Given records:
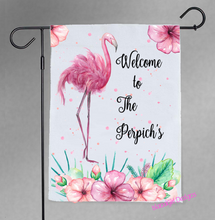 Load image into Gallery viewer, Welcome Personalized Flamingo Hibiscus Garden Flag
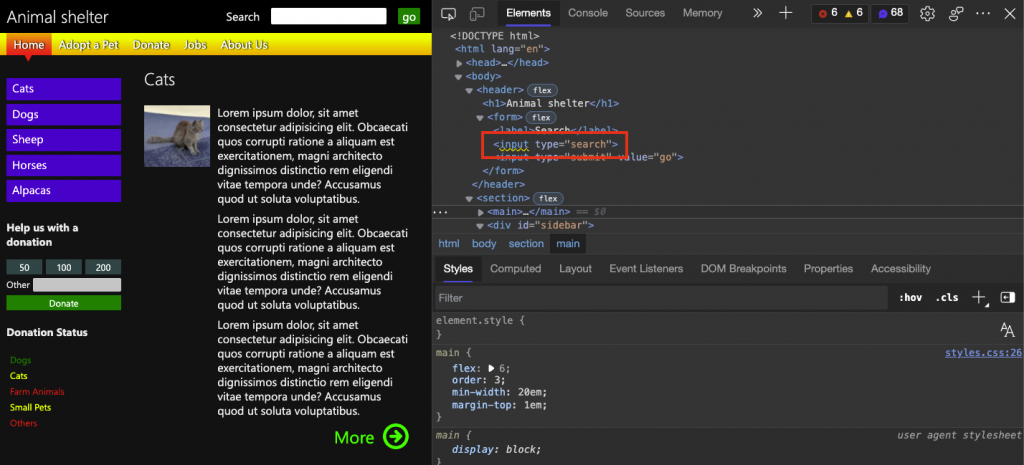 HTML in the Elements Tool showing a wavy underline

==

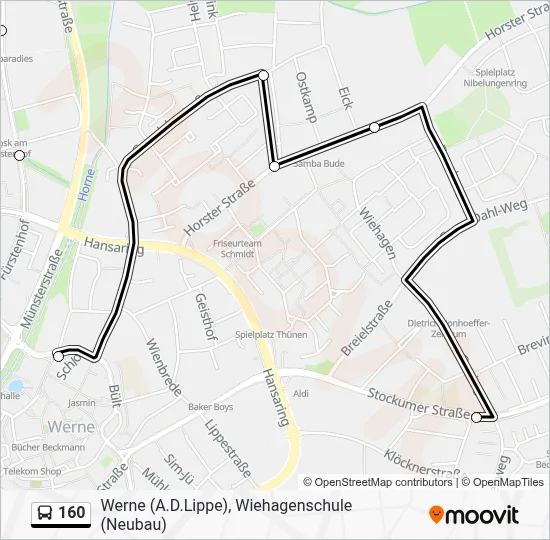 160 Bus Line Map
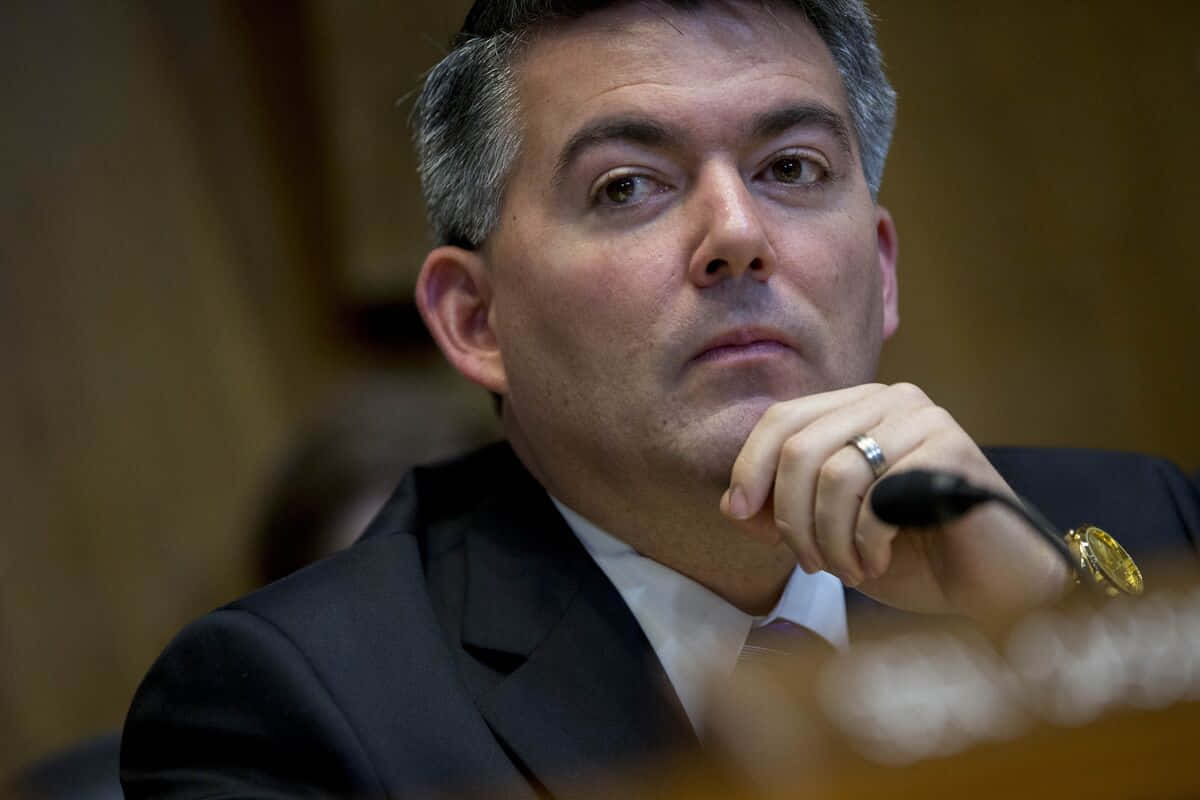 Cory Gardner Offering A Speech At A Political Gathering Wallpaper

What needs to be done: From the data above, return only the lines starting at the line that holds "Load image into" and ending at the line that holds "HTML in the", word for word and without pictures.

Reply to the exercise:
 Load image into Gallery viewer, Welcome Personalized Flamingo Hibiscus Garden Flag
 HTML in the Elements Tool showing a wavy underline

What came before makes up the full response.